Extracted records
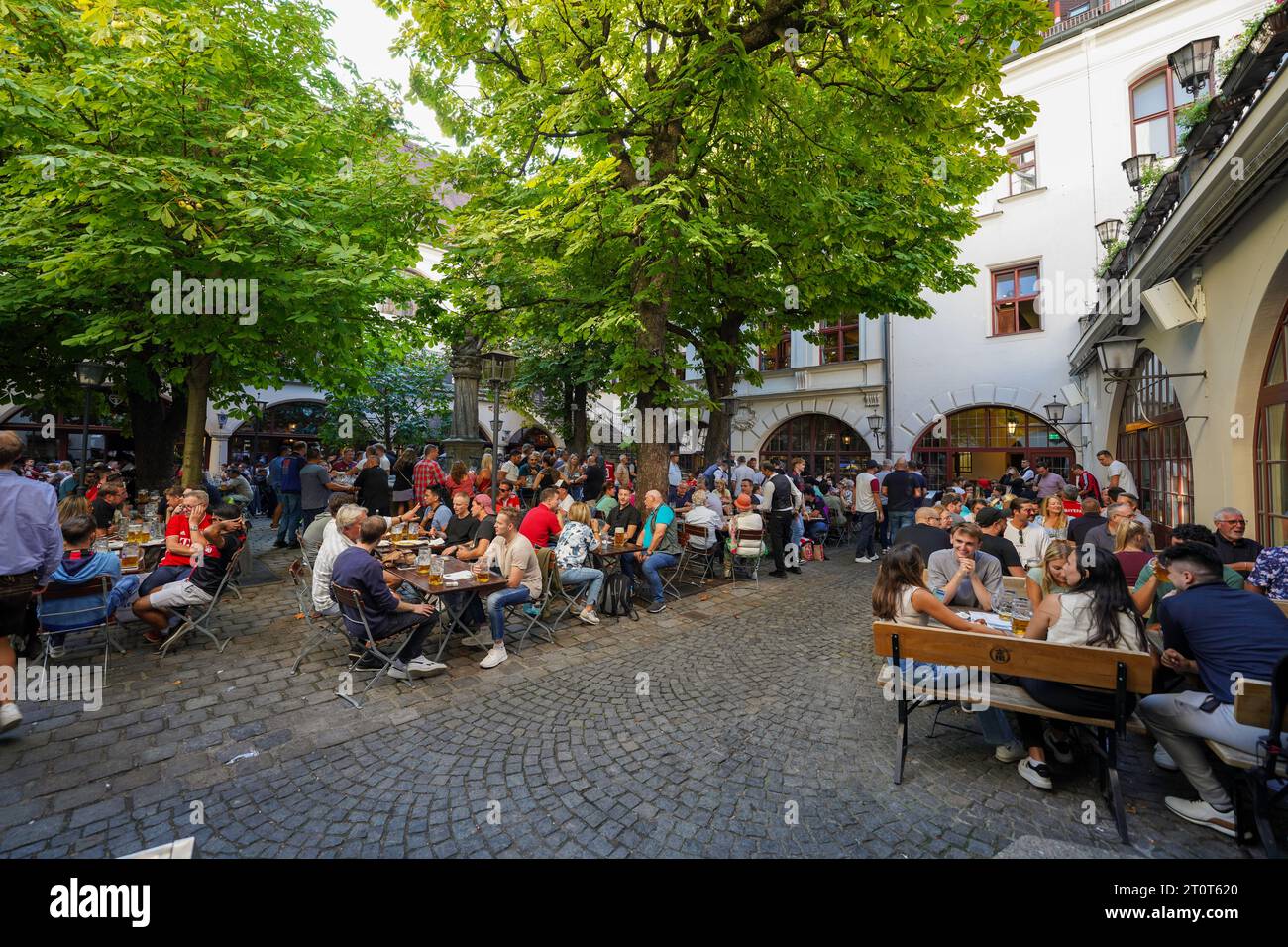 Munich, Germany, EU - Sept. 15, 2023. Hofbräuhaus München beer hall, outdoor beer garden. Crowds, people drinking beer, eating at Hofbrauhaus Munich. Stock Photo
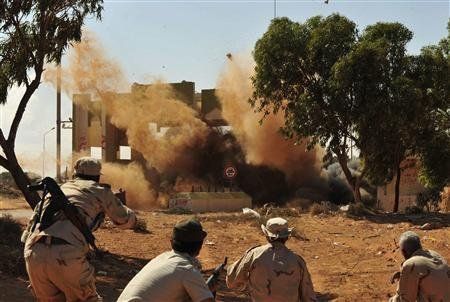 卡扎菲最后一座城市被攻陷 当局武装占领苏尔特大部(组图)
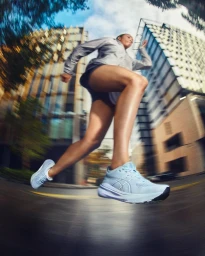 Low-angle action shot of a runner in athletic apparel sprinting through city buildings with radial motion blur.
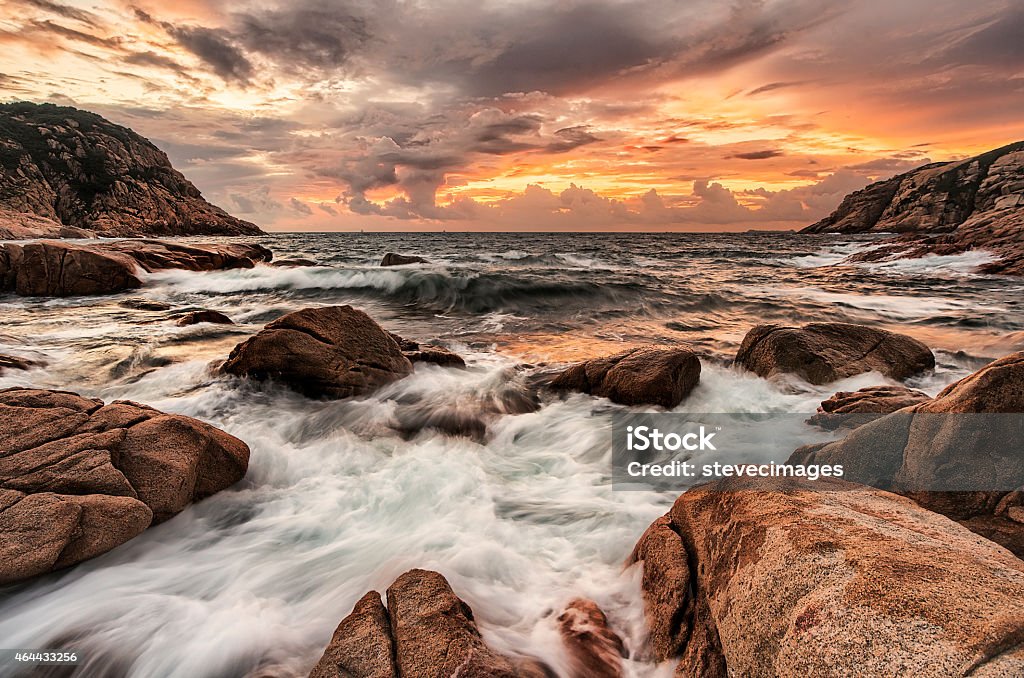 coastline morning A dramatic scene of rocky shore with flowing water when dawn. Photo taken in Shek O, Hong Kong. 2015 Stock Photo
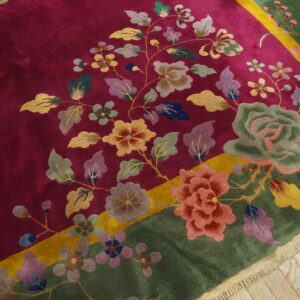 Plush magenta rug with multicolored floral design and wide moss green border rests on wood flooring.
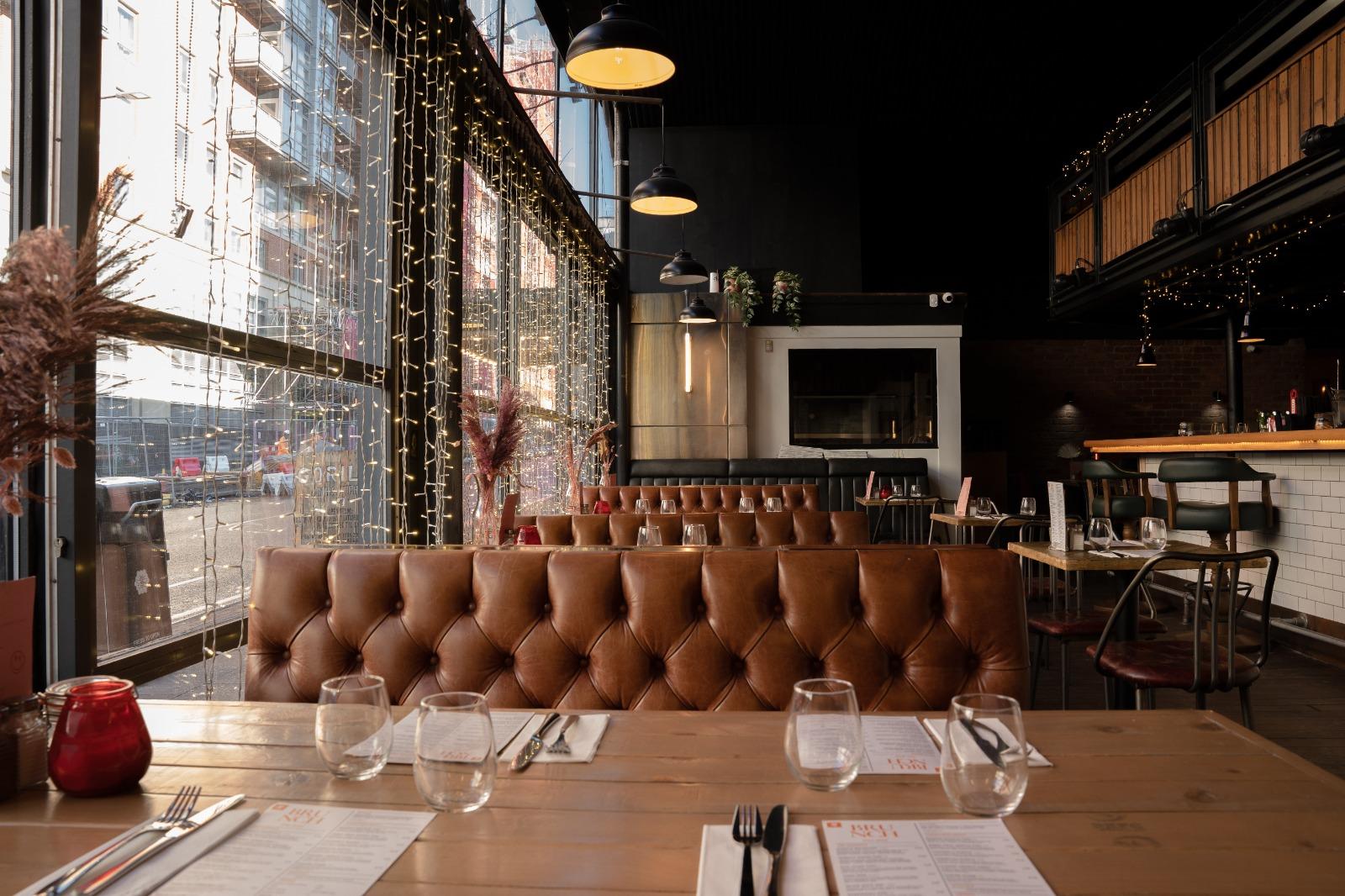 A nightclub with floor-to-ceiling windows, brown leather banquettes, and set dining tables at Gorilla.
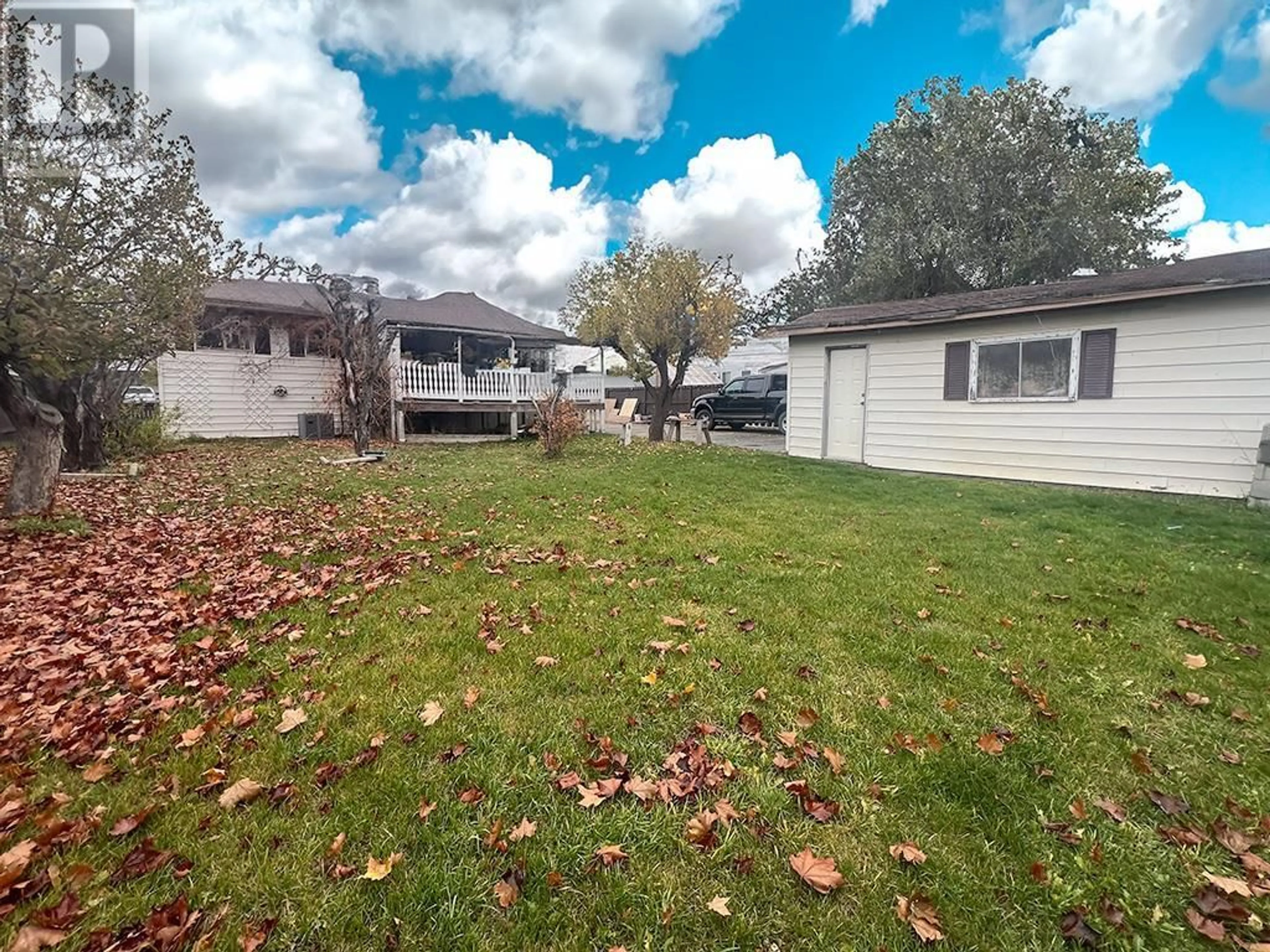 Frontside or backside of a home, the fenced backyard for 2138 Clarke Avenue, Merritt British Columbia V1K1B8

» **Problem to work on**
Using the records above, print exactly the run of lines that starts with the line with "coastline morning A" and goes on through the line with "Plush magenta rug", pictures excluded.

» **Solution to this problem**
 coastline morning A dramatic scene of rocky shore with flowing water when dawn. Photo taken in Shek O, Hong Kong. 2015 Stock Photo
 Plush magenta rug with multicolored floral design and wide moss green border rests on wood flooring.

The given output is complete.